BEGIN DATASET EXCERPT
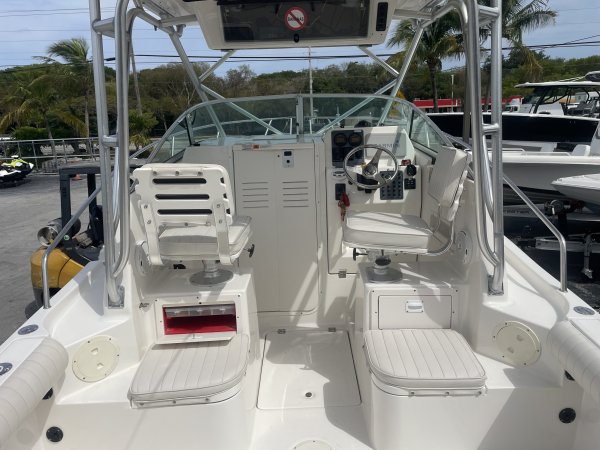 Pre-Owned 2004 Robalo 235 Cuddy Cabin for sale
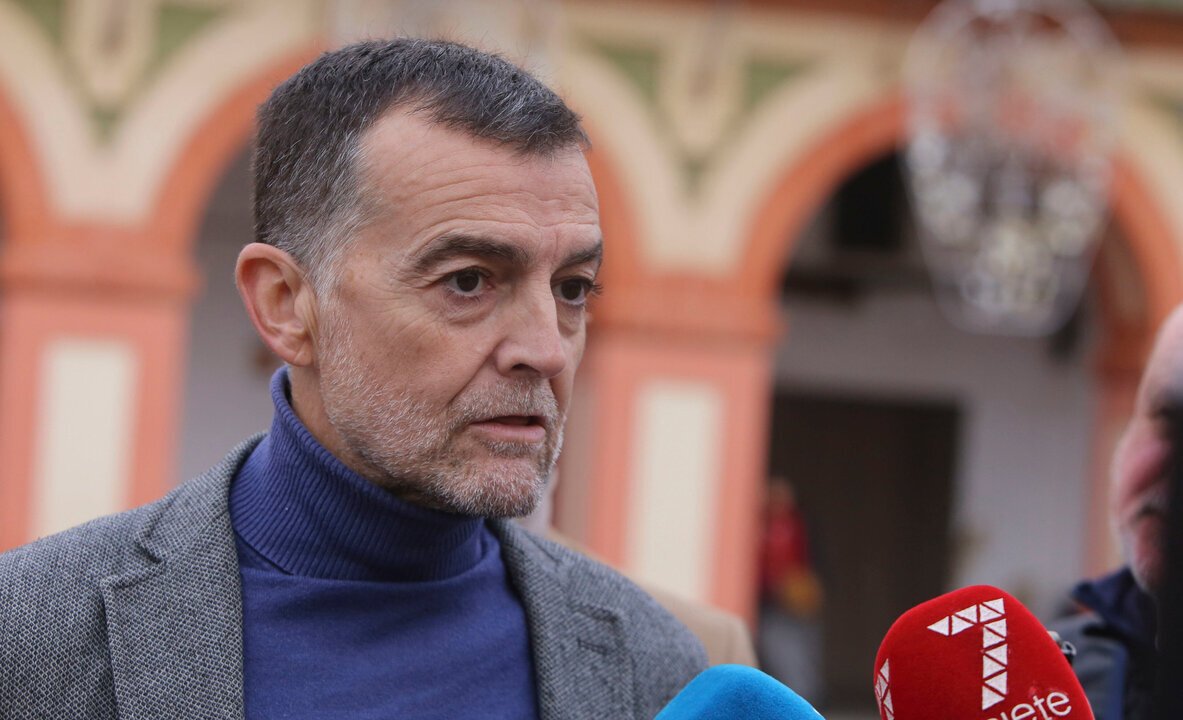 C&Oacute;RDOBA 21/11/2024El coordinador general de IU, Antonio Ma&iacute;llo, atiende a los medios para presentar 'Convocatoria por la Democracia'. En la Plaza de La Corredera.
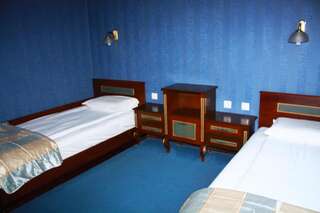 Отель Hotel Lazur Кюстендил Двухместный номер с 2 отдельными кроватями-2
END DATASET EXCERPT
WHAT YOU SHOULD DO ▸
Give the preceding data back exactly, minus every picture.

SOLUTION FOR THIS EXERCISE ▸
 Pre-Owned 2004 Robalo 235 Cuddy Cabin for sale
 C&Oacute;RDOBA 21/11/2024El coordinador general de IU, Antonio Ma&iacute;llo, atiende a los medios para presentar 'Convocatoria por la Democracia'. En la Plaza de La Corredera.
 Отель Hotel Lazur Кюстендил Двухместный номер с 2 отдельными кроватями-2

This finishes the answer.